Doubting all things in heaven and on earth, accepting only what can be validated by empirico-quantitative reason, utilitarianism is a “philosophy of death; its morbidity is the consequence of Benthamite emphasis upon Doubt …and this is consummate folly. For Doubt is a surly envious, egotistic emotion, a bitter denial of everything but the sullen self; and one learns nothing by doubting. Doubt can never be wholly assuaged in many things, but we must manage to live despite our doubts (which are a condition of our imperfect temporal nature).” We must recognize, admonished Kirk, that we are ignorant of much and must accept much on faith. To doubt everything results in a paralysis of the will and the impoverishment of one’s spiritual existence. Such is the fate of the doctrinaire liberal who would follow Bentham in repudiating authority, tradition, and the prescriptive wisdom of his ancestors. He has succumbed to the Benthamite folly of believing that “private rationality henceforth would emancipate mankind from obedience to tradition, authority, and the past experience of humanity.” Without faith and standards to check his arbitrary will, the Benthamite liberal comes to believe, in his own pride, that he has the right to judge everything according to his private taste. The modern mind, having made utility the essence of politics and having thereby lost sight of the higher ends of existence, Kirk charged, “has thought of men as the flies of a summer, and so deprived himself of the wisdom of our ancestors, and laid waste that portion of posterity.” The result is a weakening of the social bonds that hold a community intact. A community lacking the restraining power of tradition or prescriptive institutions is rendered defenceless against the demands of special interests and selfish passions.
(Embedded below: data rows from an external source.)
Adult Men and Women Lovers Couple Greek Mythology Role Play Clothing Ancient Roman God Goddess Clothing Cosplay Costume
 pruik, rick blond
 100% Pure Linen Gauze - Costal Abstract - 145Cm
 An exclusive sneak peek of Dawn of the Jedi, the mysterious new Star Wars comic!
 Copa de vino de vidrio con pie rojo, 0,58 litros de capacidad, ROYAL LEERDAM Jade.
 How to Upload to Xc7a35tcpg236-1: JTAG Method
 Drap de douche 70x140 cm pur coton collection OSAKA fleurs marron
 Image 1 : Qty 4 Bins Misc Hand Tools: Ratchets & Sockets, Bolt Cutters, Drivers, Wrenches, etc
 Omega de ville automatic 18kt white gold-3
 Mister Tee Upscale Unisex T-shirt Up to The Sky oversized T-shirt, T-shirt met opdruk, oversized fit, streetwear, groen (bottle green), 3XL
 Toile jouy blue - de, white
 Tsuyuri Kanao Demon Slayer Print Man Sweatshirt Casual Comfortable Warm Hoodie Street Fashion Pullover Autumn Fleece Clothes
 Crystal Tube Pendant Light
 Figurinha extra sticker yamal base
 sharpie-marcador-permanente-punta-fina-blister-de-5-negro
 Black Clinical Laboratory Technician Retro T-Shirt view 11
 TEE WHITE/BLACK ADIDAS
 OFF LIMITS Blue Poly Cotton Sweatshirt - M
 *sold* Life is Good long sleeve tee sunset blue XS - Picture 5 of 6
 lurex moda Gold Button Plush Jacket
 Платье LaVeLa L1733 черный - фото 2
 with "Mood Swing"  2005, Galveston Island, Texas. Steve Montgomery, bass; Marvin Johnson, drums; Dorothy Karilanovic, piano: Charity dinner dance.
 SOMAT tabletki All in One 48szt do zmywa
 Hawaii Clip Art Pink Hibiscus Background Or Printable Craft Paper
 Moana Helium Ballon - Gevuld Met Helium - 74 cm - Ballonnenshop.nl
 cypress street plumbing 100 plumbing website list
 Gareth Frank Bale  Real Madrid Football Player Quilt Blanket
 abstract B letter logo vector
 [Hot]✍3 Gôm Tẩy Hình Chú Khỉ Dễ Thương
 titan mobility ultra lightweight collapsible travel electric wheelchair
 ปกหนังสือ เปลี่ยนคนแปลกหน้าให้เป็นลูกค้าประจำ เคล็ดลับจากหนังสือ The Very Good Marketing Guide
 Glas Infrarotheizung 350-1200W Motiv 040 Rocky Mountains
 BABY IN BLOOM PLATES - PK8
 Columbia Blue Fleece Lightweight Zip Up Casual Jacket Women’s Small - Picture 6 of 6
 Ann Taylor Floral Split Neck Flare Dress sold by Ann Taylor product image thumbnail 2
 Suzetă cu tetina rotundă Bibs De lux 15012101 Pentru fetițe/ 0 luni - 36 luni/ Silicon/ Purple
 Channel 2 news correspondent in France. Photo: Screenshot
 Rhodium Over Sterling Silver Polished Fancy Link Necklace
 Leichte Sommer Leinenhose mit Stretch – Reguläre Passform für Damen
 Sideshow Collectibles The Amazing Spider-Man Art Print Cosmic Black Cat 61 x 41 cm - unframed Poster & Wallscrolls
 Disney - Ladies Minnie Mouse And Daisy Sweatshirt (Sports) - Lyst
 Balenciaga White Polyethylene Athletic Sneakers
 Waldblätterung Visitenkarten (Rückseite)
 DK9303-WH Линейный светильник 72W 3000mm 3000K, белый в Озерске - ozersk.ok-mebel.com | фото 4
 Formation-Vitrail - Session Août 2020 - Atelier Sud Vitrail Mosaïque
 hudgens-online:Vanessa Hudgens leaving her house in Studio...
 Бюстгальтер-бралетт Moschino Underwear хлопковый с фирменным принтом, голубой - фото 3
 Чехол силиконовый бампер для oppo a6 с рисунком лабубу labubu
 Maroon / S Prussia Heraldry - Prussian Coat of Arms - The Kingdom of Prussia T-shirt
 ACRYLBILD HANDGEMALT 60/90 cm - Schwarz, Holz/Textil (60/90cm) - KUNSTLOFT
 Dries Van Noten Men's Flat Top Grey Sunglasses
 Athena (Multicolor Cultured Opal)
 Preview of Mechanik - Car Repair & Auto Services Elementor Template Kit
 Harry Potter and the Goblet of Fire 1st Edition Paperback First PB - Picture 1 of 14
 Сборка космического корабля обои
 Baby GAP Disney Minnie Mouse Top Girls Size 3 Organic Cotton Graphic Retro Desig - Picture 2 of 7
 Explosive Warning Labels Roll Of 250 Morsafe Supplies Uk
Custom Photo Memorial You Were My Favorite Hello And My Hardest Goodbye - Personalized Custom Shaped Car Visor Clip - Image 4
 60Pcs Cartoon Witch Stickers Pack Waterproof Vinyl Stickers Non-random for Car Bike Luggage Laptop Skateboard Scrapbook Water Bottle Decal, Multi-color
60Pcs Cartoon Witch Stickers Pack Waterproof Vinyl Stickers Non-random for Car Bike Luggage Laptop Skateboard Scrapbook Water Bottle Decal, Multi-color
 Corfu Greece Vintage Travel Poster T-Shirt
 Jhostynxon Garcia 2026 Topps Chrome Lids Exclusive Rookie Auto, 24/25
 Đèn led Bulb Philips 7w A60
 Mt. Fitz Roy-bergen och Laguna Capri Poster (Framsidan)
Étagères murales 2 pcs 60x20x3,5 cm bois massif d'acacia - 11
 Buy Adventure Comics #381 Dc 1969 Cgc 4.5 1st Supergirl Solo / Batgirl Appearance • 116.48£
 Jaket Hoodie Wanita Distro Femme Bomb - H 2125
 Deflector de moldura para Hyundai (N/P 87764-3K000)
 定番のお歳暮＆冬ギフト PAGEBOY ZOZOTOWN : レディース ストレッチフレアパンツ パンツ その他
Lacking historical perspective and imagination, modern liberalism proceeds from Benthamite assumptions to the delusion that scientific reasons can solve all of mankind’s complex problems and thereby guarantee a golden age of prosperity and plenty. This abstract, utopian mentality, Kirk predicted, will be the ultimate undoing of liberalism.
In light of his vigorous attack upon abstract reasoning of liberals, Kirk’s equally strong criticism of similar deficiencies in libertarian thought is not surprising. Although many observers have regarded libertarians and traditional conservatives as natural allies because of their common opposition to the growth of modern collectivist state. Kirk vehemently and consistently opposed all attempts to form an alliance. Genuine conservatism would suffer as a consequence of such a merger of what he considered to be antithetical positions. The atomistic individualism and ahistorical rationality of the libertarians, reflecting their utilitarian mentality, would corrupt conservative thinking. Their exultation of reason uninformed by the moral imagination precludes any understanding of values beyond utility and self-interest. A conservatism incorporating old Benthamite or social Darwinist tenets would be worse than no conservatism at all. Like liberalism, its lack of imagination would be its undoing.
The Enemy of the Family
June 30, 2007
Dear Reader–
In a recent article, Scott of Adelaide Conservative has attempted to defend the Welfare State from a pragmatic Conservative viewpoint.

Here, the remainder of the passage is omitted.